• [INFORMATION SUPPLIED]
■ ■ ■ ■ ■ ■ ■
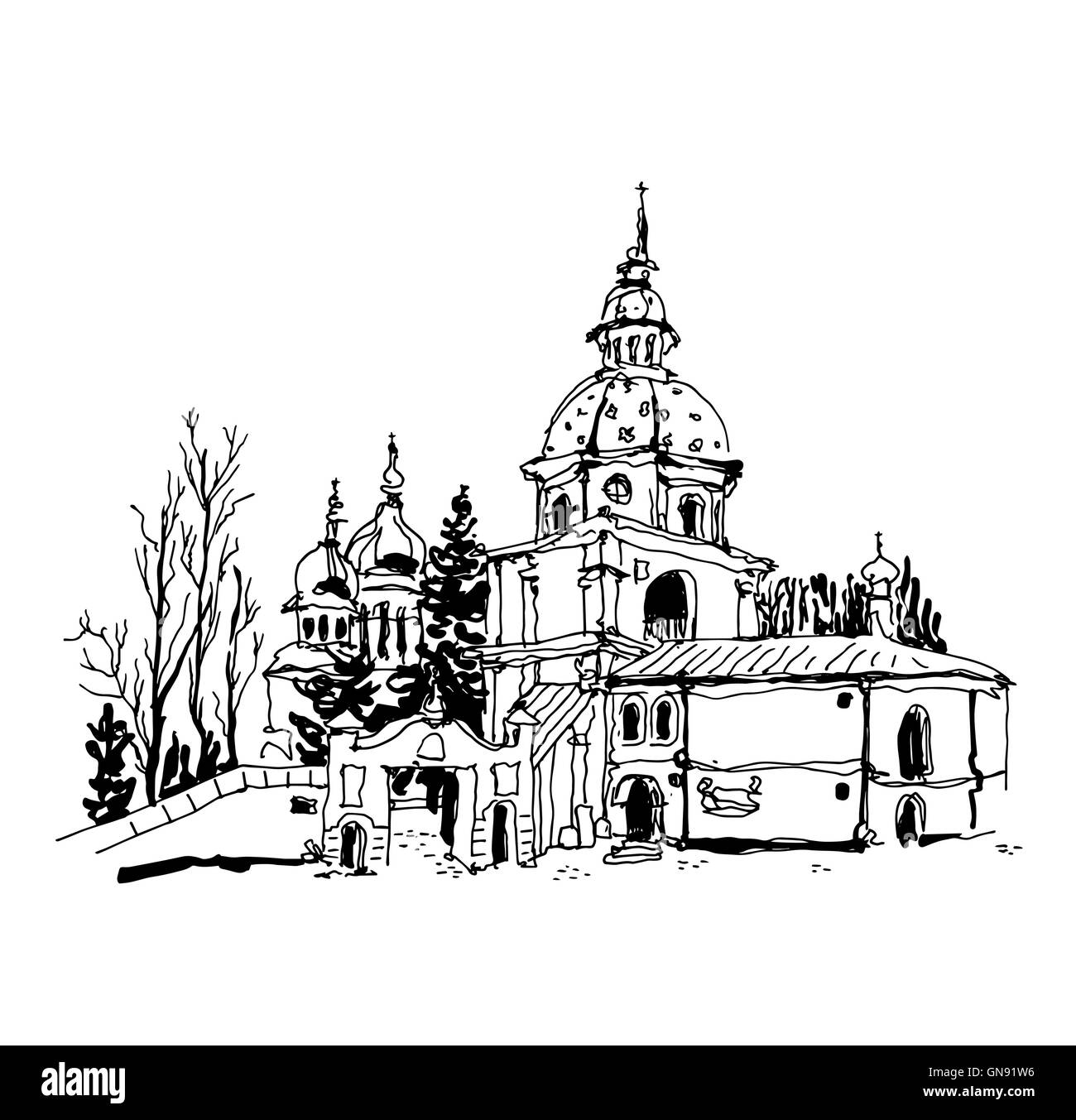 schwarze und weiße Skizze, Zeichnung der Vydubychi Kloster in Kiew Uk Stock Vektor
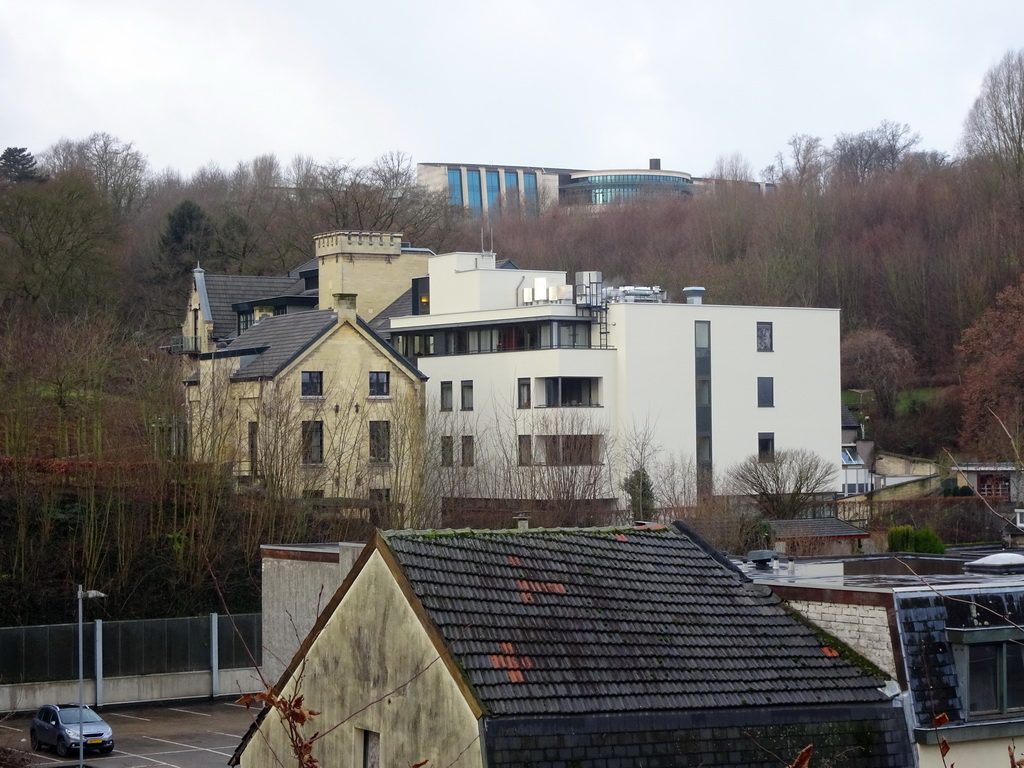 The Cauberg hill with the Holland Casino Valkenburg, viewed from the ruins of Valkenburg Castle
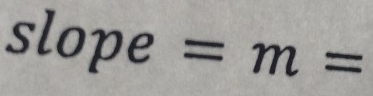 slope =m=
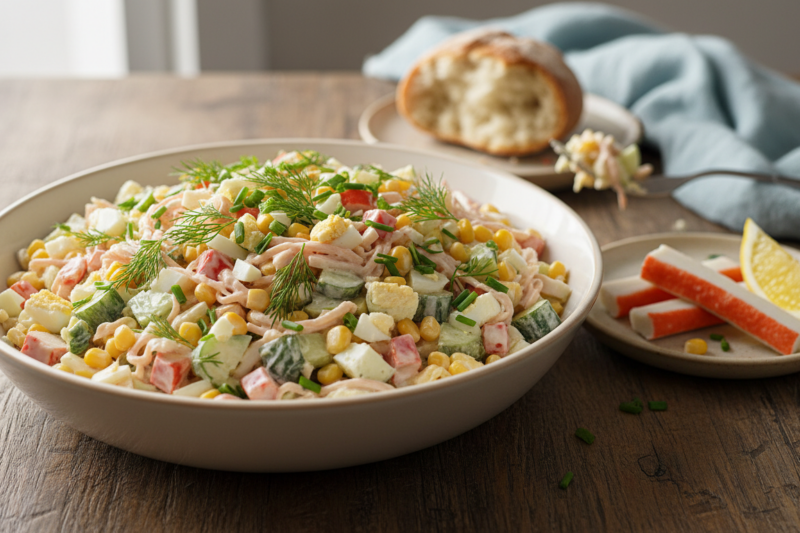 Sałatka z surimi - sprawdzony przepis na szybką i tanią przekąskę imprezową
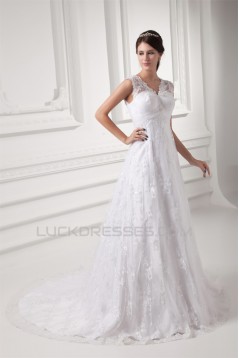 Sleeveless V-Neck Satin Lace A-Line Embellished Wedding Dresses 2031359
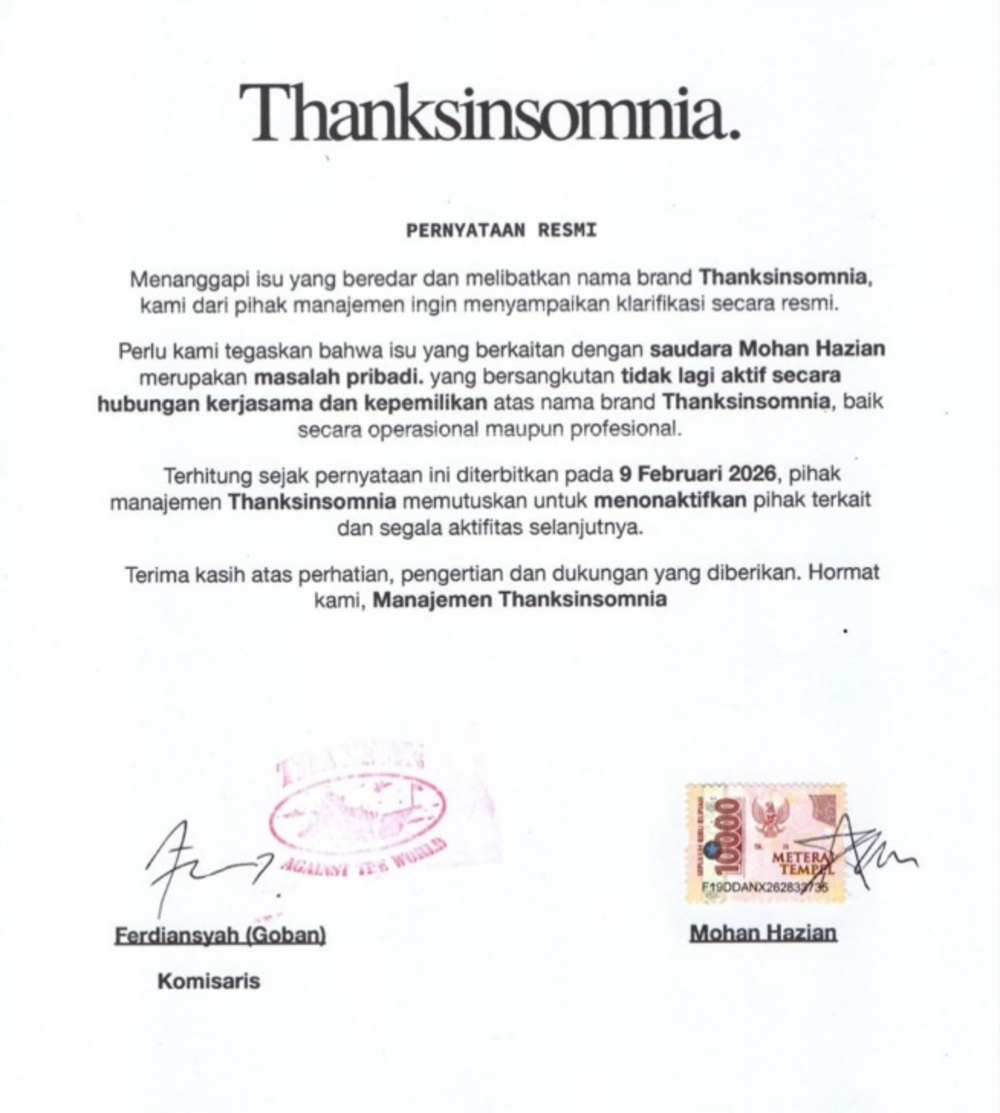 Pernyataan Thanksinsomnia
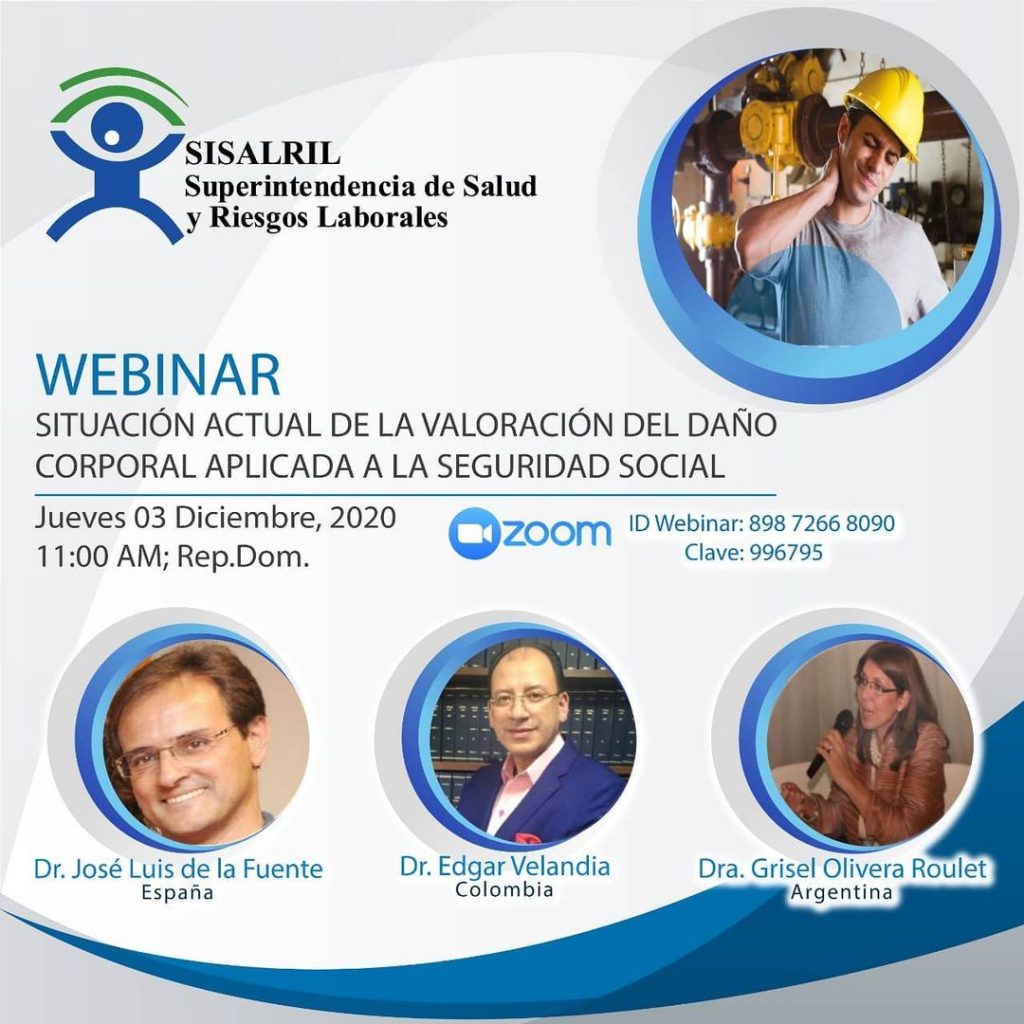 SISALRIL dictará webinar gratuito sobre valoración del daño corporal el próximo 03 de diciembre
■ ■ ■ ■ ■ ■ ■
• [EXERCISE DETAILS]
Restate the preceding entries in full, word for word, with the pictures removed.

• [TASK RESPONSE]
 schwarze und weiße Skizze, Zeichnung der Vydubychi Kloster in Kiew Uk Stock Vektor
 The Cauberg hill with the Holland Casino Valkenburg, viewed from the ruins of Valkenburg Castle
 slope =m=
 Sałatka z surimi - sprawdzony przepis na szybką i tanią przekąskę imprezową
 Sleeveless V-Neck Satin Lace A-Line Embellished Wedding Dresses 2031359
 Pernyataan Thanksinsomnia
 SISALRIL dictará webinar gratuito sobre valoración del daño corporal el próximo 03 de diciembre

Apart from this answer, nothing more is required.